Having spent the majority of my life in the Netherlands and Malta, I’ve seen two extremes within the European Union. From über-organisation and rule-following in the Netherlands, I launched myself into a world of carelessness and relaxation.

And since I moved out of my tiny hometown in 2017, my life has been entirely international. From Lija in Malta to Melbourne, Australia and many countries in between, I moved more than was healthy for a developing mind.

I became a global, or better said European, citizen. From north to south, I learnt to understand different realities and mindsets throughout the continent. And beyond being diverse, multicultural and radically different, I found that we have things in common.

Over the past months, I've covered the European Parliament in Strasbourg and attended a journalism training programme by the European Commission in Brussels. It made me see the EU in a way I never had: as a union of the people, for the people.


My trip to Strasbourg was to cover the Conference on the Future of Europe for Lovin Malta. The conference was unlike any other: instead of MEPs and politicians discussing the most important issues the EU deals with, it saw 200 citizens from all corners of Europe discuss and debate.

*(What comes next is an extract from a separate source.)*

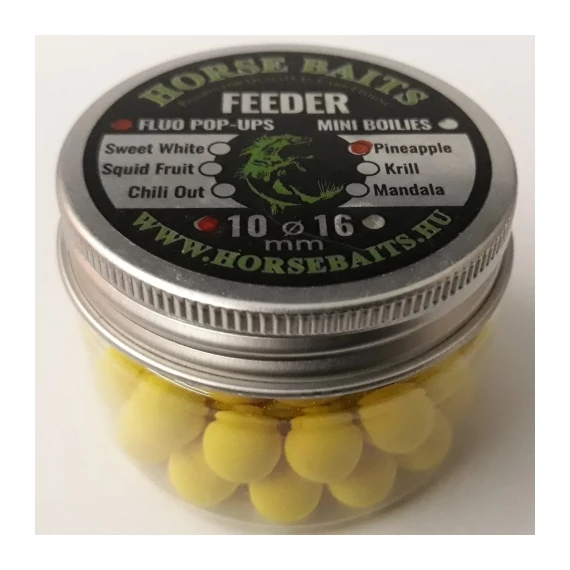 Horse Baits Pineapple (ananász) Fluo Pop Ups (10mm/20g)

Representing different ages, genders and education levels, these citizens were personally invited to the European Parliament in Strasbourg to debate what the future of Europe should look like.

Although the press couldn’t attend the actual discussion (because that’s what I am now - not just a citizen, but ‘the press’!), it was inspiring to see all kinds of Europeans come together and speak about what they think is important for the continent they live on.

Learning about their differences and similarities, people from all over the continent got to speak about what worried them and what was on their minds. And while the issues in every city and region differ, empathy and understanding set the tone for the conference.


In October, I spent a week in Brussels. My article was selected out of more than 500 admissions from all over Europe and beyond, and I was invited to participate in a programme for young and aspiring journalists.

The programme was organised by the European Commission during the European Regions and Cities week, which focuses on bringing the EU closer to its citizens.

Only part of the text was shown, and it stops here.